In through the gap go the heavy duffel bags. In go the boxes. In go the contents of the pallet, the canned goods, the water jugs, the garden supplies, the tools, and the propane. Nobody even notices the moving cadaver across the loading dock, pushing its way out of the trash pile, then rising to its feet with the creaky, inebriated uncertainty of an overgrown baby. Lilly glimpses movement out of the corner of her eye, and turns toward the biter.
A wiry African American corpse in his late twenties, maybe early thirties, with short cornrows crowning his skull, shuffles clumsily toward them like a drunken mime walking against imaginary wind, clawing at the air. He wears a tattered orange jumpsuit that has a familiar look to Lilly, but she can’t place it.
“I got this,” Lilly says to no one in particular as she pulls one of her Rugers.

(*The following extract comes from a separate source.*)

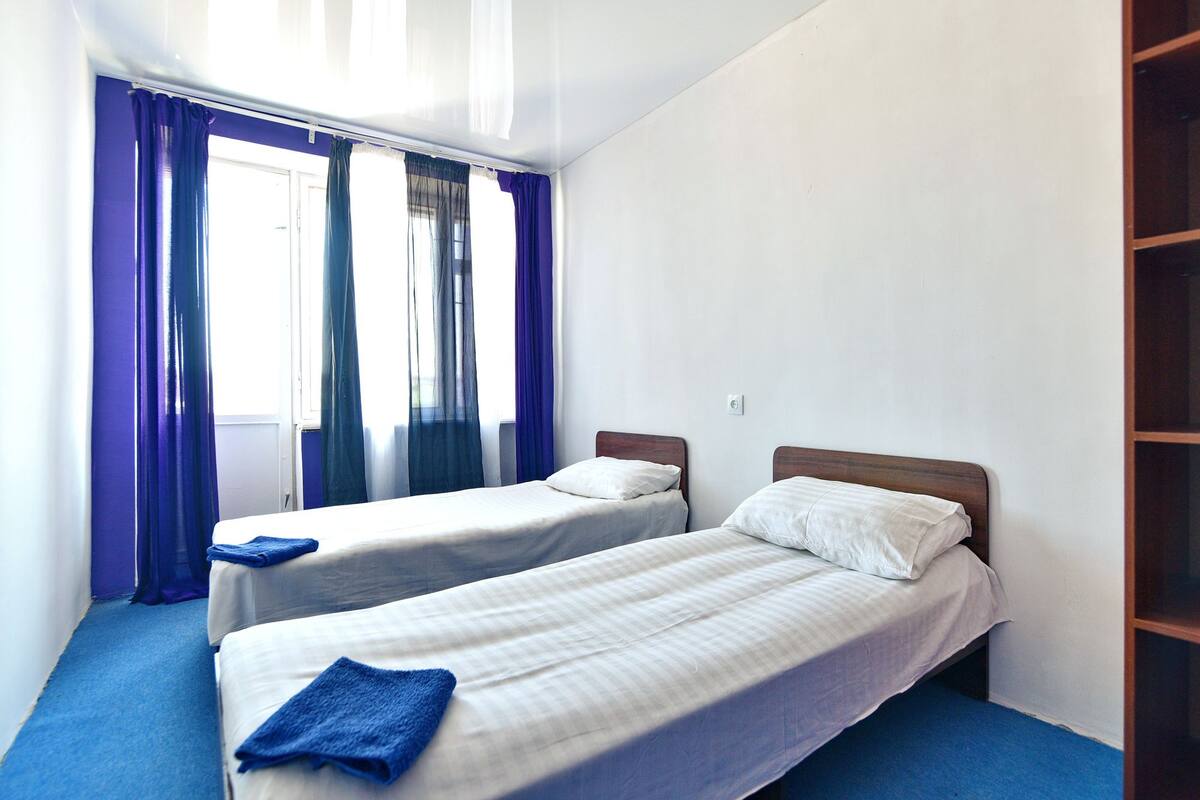 Free WiFi, bed sheets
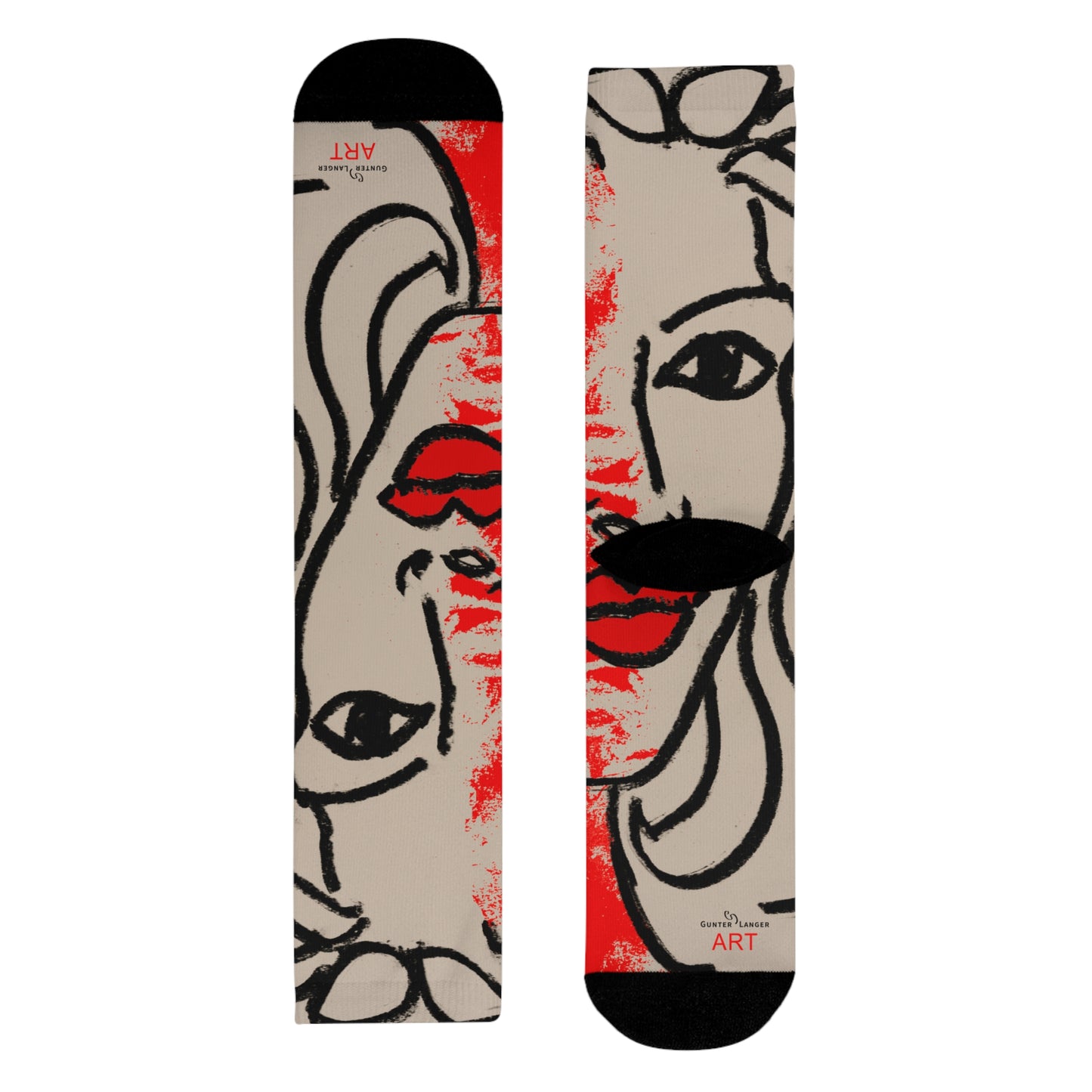 Sublimation Crew Socks (EU) - Motiv: Louisa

The others notice the commotion and pause in their efforts, drawing their weapons, watching Lilly stand stone-still, steady as a milepost, aiming her front sight at the approaching corpse. A moment passes. Lilly stands as still as a statue. The others stare as Lilly finally, calmly, almost languidly, decides to pull the trigger, again and again, emptying the remaining six rounds in the magazine.
The gun claps and flashes, and the young black corpse does a jitterbug on the dock for a moment, exit wounds spewing atomized blood. The rounds chew through the hard shell of its cranium, shredding its cornrows and sending chunks of its prefrontal lobe and gray cerebrospinal fluid skyward. Lilly finishes and stares emotionlessly.
The biter doubles over and collapses to the dock in a blood-sodden heap.
Standing in a blue haze of her own gun smoke and cordite, Lilly mumbles something to herself. Nobody hears what she says. The others stare at her for a long moment until Austin finally comes over and says, “Good job, Annie Oakley.”